Records from a data collection
_____

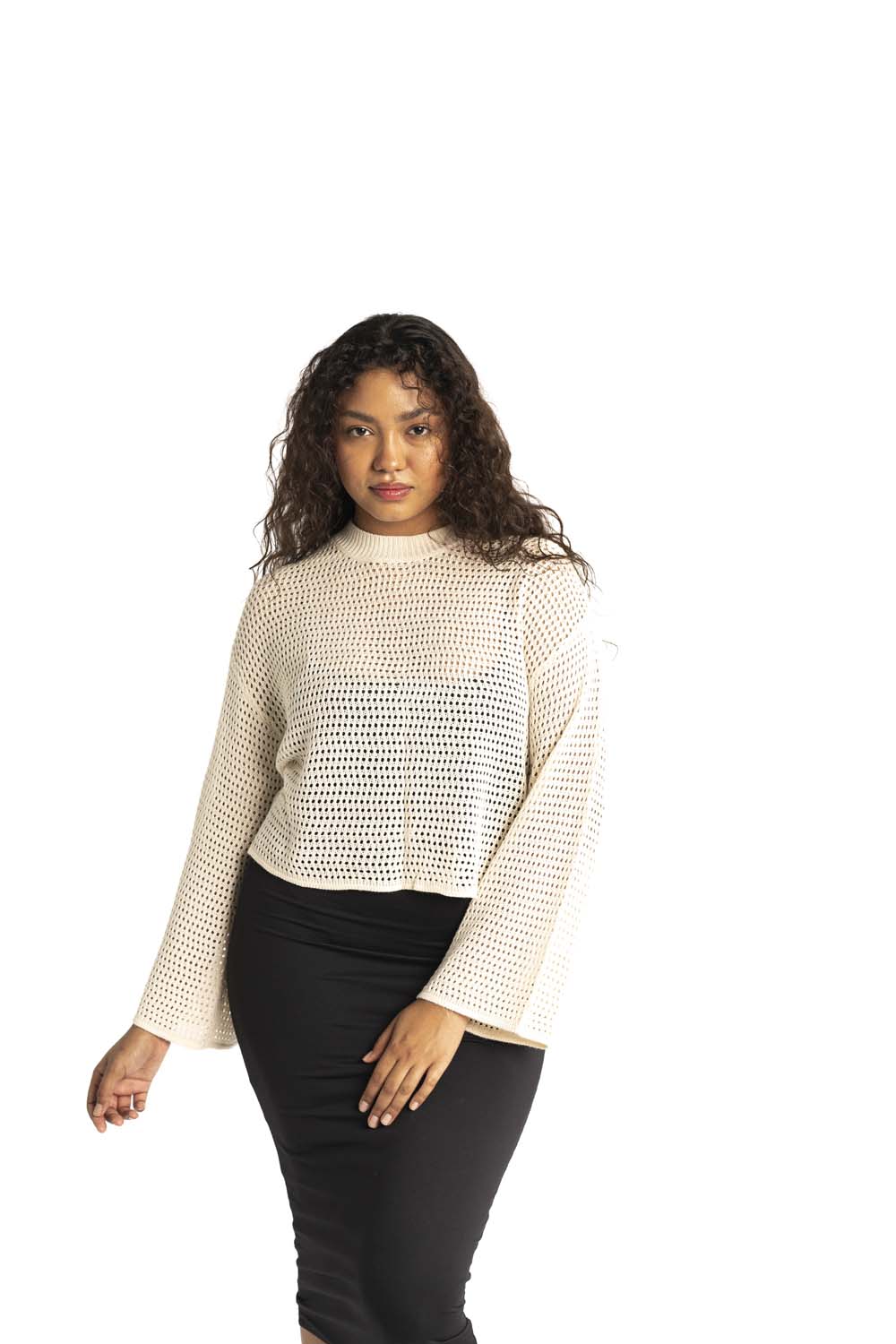 white crochet style open knit sweater worn by woman gyal bashy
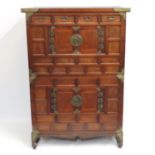 An Oriental three piece cabinet with base stand wi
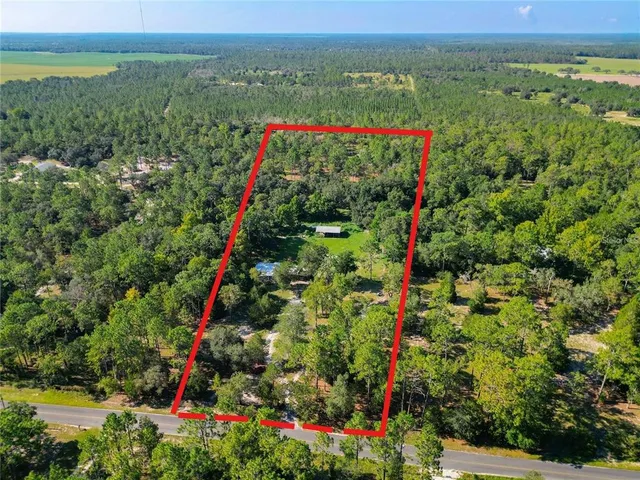 a view of a outdoor space with a lake view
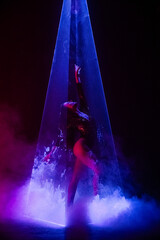 Gorgeous woman under colorful illumination, laser light, neon smoke club. Projection illusion mapping. Futuristic model.
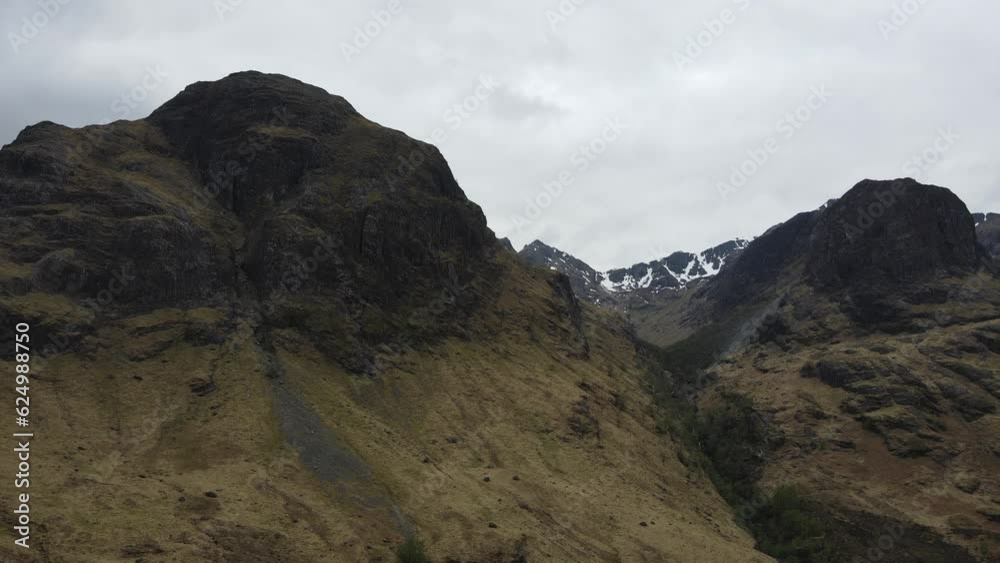 Ethereal atmosphere that shroud the The Three Sisters of Glen Coe adding mystique and enhancing the overall grandeur of the panoramic view. Ethereal atmosphere that shroud the The Three Sisters of Glen Coe adding mystique and enhancing the overall grandeur of the panoramic view.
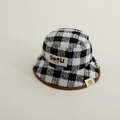 Detalle del gorro de pescador en tweed de cuadros blanco y negro con ribete marrón - 50cm (6-36 Meses) / Negro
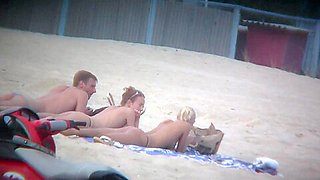 Thrilling nude friends are relaxing on a nudist beach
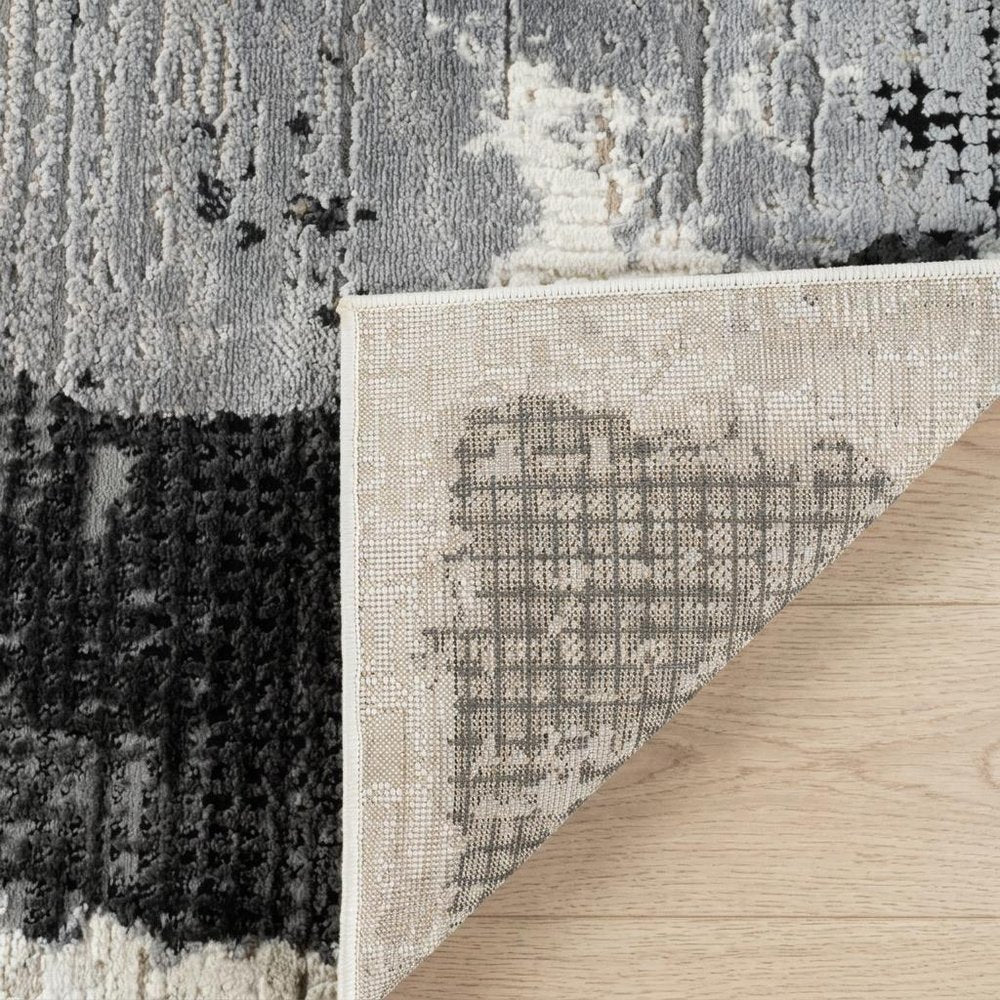 4' X 6' Beige and Black Abstract Distressed Area Rug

_____

Exercise description. A faithful copy of all the entries is required, pictures excluded.

Output for this exercise.
 white crochet style open knit sweater worn by woman gyal bashy
 An Oriental three piece cabinet with base stand wi
 a view of a outdoor space with a lake view
 Gorgeous woman under colorful illumination, laser light, neon smoke club. Projection illusion mapping. Futuristic model.
 Ethereal atmosphere that shroud the The Three Sisters of Glen Coe adding mystique and enhancing the overall grandeur of the panoramic view. Ethereal atmosphere that shroud the The Three Sisters of Glen Coe adding mystique and enhancing the overall grandeur of the panoramic view.
 Detalle del gorro de pescador en tweed de cuadros blanco y negro con ribete marrón - 50cm (6-36 Meses) / Negro
 Thrilling nude friends are relaxing on a nudist beach
 4' X 6' Beige and Black Abstract Distressed Area Rug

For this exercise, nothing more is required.